- From: Erik Bruchez <ebruchez@orbeon.com>
- Date: Thu, 05 Jan 2006 18:34:43 +0100
- To: public-xml-processing-model-wg@w3.org
Alex Milowski wrote: > > Requirement: > > The pipeline language must allow a user to identity a subtree > of a document by an XPath or XPath subset that produces a > sequence. This sequence should then be able to be fed to > a sub-pipeline or sequence of pipeline steps. > > Use Case: > > Example Problem (Personal Story): > > I wrote this HMM baum-welch trainer and implemented logging > of the training steps in XML. In the end, I had a log file that > was a 200-300MB XML document (or larger). The required next > step was to transform that document into a data file that R or Matlab > could load (a plain text file). Just running XSLT on the whole thing > isn't realistic. All I really needed to do was transform a > particular element that is repeated over-and-over again in this > large XML log file.
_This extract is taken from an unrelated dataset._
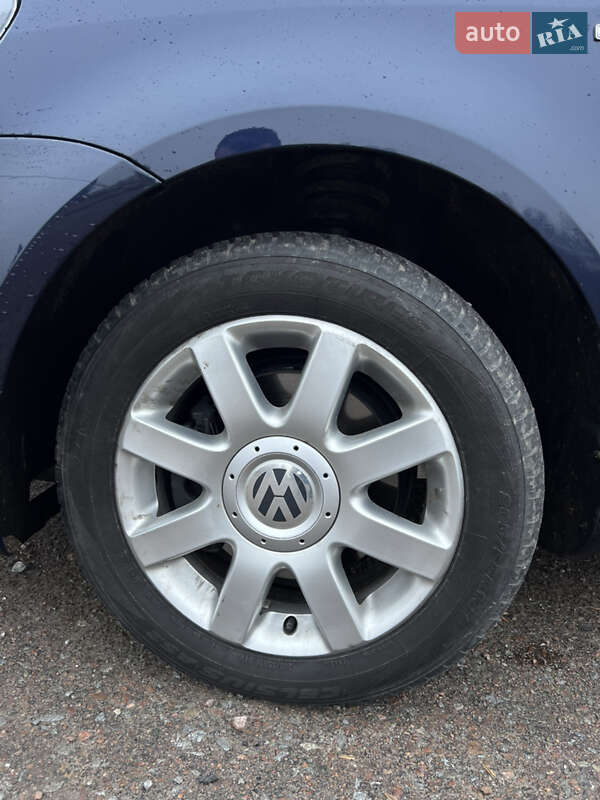 Мінівен Volkswagen Touran 2012 в Рівному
So, I wanted to scope the XSLT to that > element and produce the text-transformed result on the little > bits of the document. > > Pipeline Solution Example: > > <subtree select="training-scenario"> > <xslt src="scenario2text-xt.xsl"/> > </subtree> > > The 'subtree' step applies the XPath expression 'training-scenario' > in a streaming fashion to the input. The matching info items (i.e. > the 'training-scenario' elements) are produce as a sequence of > little XML document infoset sets where the 'training-scenario' > element is the document element. When the XSLT step runs, the > "adapter" for it caches the streaming of that infoset into a > "DOM" so that XSLT can run on the whole document. Since that document > is tiny, it can process the large data XML document (of arbitrary > size) in constant memory. > > As I understand it, this is very similar to the 'for-each' step > in Orbeon's pipeline language. Yes, this is similar to what you can do with XPL: <p:for-each href="some-infoset-reference" select="/some/xpath/expr"> ... some pipeline steps ... </p:for-each> XPL also provides the ability to use the (dead?) xpointer xpointer() scheme anywhere URLs are used. This allows extracting sub-infosets very conveniently without having to resort to, say, XSLT. -Erik
Received on Thursday, 5 January 2006 17:35:01 UTC